* _MATERIAL FOR THE TASK_:

###

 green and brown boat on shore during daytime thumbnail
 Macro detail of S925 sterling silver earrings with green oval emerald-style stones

###

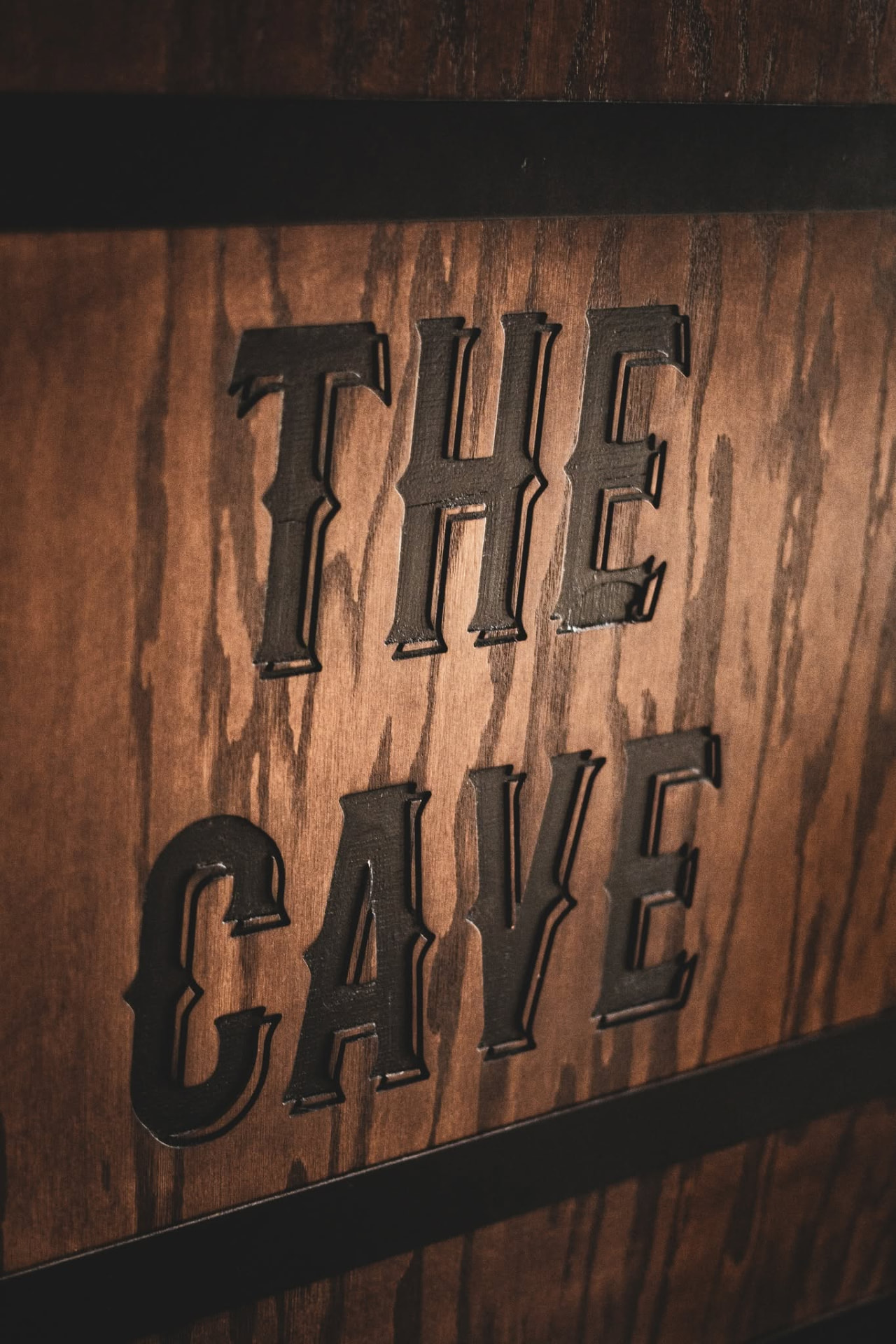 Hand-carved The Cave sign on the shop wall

###

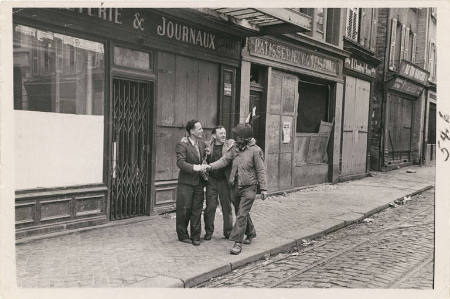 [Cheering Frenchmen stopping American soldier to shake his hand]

###

* _YOUR ASSIGNMENT_:
Print exactly the lines of the listing above starting at the line containing "green and brown" and ending at the line containing "Macro detail of", both included.

* _EXERCISE RESPONSE_:
 green and brown boat on shore during daytime thumbnail
 Macro detail of S925 sterling silver earrings with green oval emerald-style stones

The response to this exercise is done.